According to Article 32(5) of the Corporate Tax Act and Article 94-2(1)1 of the Enforcement Decree of the same Act on Disposal of Income, where it is evident that the amount included in gross income has been leaked out of the company, but it is unclear that it has been reverted to the representative, it shall be deemed that it has been reverted to the representative. Thus, if there are circumstances to deem that the amount included in gross income has not been leaked out of the company, it shall be deemed that it has been disposed of as a bonus to the representative and cannot be imposed any income tax (see Supreme Court Decision 86Nu587, Mar. 22, 198)

The court below recognized that the omitted income amount in this case was appropriated for the repayment of the entire creditor group's claim, but held that Gap-class earned income tax and its defense detailed and disposition based on the premise that it was disposed of as bonus for the representative was lawful, cannot be deemed to have erred by misapprehending the legal principles on the disposal of income under the Corporate Tax Act, or inconsistent with the reasoning of the judgment, which affected the judgment.
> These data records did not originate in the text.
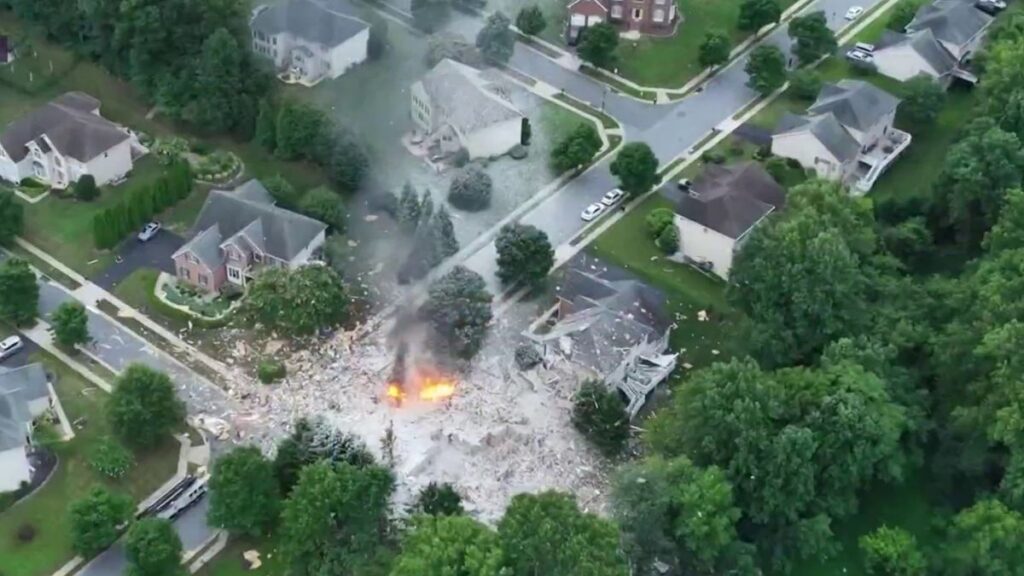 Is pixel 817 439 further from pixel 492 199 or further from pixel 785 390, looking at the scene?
pixel 492 199

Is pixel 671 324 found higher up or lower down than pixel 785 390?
lower down

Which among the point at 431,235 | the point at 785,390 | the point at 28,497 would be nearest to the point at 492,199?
the point at 431,235

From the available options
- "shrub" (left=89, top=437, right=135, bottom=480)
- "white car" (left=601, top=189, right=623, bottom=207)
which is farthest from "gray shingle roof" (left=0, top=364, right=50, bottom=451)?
"white car" (left=601, top=189, right=623, bottom=207)

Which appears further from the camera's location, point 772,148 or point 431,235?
point 772,148

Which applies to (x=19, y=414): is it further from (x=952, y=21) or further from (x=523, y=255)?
(x=952, y=21)

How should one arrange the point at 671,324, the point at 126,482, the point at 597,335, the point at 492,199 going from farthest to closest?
1. the point at 492,199
2. the point at 671,324
3. the point at 597,335
4. the point at 126,482

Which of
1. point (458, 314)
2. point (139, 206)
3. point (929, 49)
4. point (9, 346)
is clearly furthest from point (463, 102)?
point (929, 49) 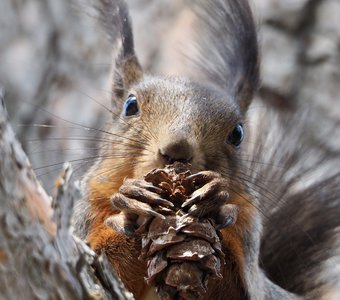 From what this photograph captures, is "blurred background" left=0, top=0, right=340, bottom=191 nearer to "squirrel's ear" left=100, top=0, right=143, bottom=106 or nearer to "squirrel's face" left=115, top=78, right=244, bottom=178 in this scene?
"squirrel's ear" left=100, top=0, right=143, bottom=106

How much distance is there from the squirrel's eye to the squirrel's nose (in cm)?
26

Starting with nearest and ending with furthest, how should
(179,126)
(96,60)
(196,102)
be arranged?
(179,126), (196,102), (96,60)

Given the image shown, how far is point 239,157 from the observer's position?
1693 mm

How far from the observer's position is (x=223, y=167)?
1.57 meters

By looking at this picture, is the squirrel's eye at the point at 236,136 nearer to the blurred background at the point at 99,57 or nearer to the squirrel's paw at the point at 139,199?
the squirrel's paw at the point at 139,199

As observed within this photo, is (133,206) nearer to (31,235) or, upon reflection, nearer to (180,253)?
(180,253)

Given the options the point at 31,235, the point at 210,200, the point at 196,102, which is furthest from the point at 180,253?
the point at 196,102

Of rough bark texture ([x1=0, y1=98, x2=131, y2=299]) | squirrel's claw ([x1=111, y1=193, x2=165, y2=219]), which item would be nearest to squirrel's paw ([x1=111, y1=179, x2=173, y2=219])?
squirrel's claw ([x1=111, y1=193, x2=165, y2=219])

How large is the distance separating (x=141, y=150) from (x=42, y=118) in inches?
81.0

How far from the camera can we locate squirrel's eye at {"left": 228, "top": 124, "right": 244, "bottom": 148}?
5.50ft

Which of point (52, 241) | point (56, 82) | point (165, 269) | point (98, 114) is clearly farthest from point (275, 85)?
point (52, 241)

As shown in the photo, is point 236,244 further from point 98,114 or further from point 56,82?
point 56,82

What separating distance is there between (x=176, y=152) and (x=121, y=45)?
0.64 meters

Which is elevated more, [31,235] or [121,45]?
[121,45] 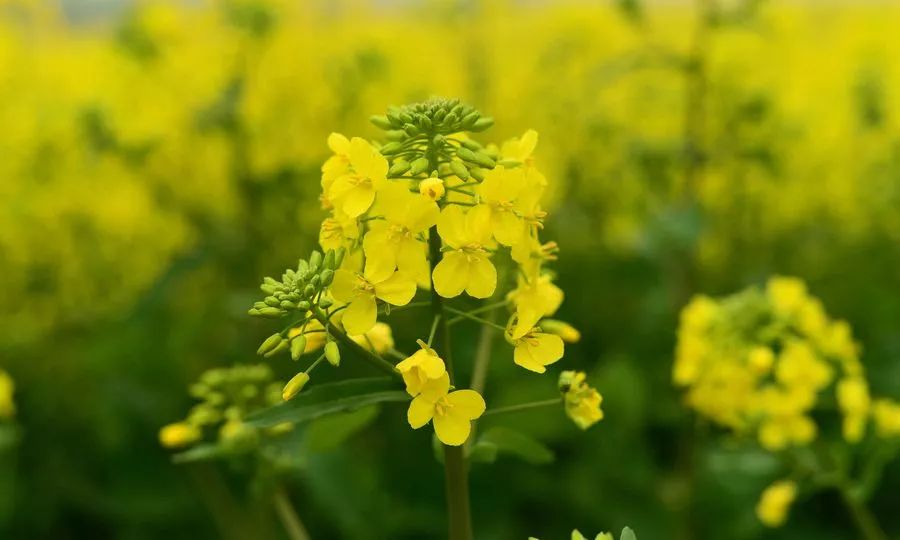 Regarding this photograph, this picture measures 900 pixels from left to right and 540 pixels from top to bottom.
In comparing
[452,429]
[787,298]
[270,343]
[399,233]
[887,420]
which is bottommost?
[452,429]

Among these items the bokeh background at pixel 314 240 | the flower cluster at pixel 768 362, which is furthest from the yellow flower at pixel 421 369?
the bokeh background at pixel 314 240

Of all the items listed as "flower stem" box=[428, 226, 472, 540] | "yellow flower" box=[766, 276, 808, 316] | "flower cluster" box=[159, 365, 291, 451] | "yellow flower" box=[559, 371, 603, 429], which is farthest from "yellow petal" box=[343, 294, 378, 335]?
"yellow flower" box=[766, 276, 808, 316]

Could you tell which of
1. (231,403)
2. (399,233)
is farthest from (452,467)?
(231,403)

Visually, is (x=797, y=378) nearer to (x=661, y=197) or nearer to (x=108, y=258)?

The grounds for appeal pointing this out are with merit.

No. 7 and there seems to be any error in violation of the rules of evidence in the process of fact-finding that the revenue from the instant license loan did not include value-added tax, and therefore, there is no ground to argue that the lower court erred by misapprehending the legal principles as to the tax base of value-added tax

Ultimately, the appeal against the losing part of the judgment of the court below as to Class A earned income tax and its defense detailed and disposition as of February 14, 1986 is with merit. Therefore, the judgment of the court below is reversed and remanded to the court below. The remaining appeal by the plaintiff is dismissed as without merit. It is so decided as per Disposition with the assent of all participating Justices.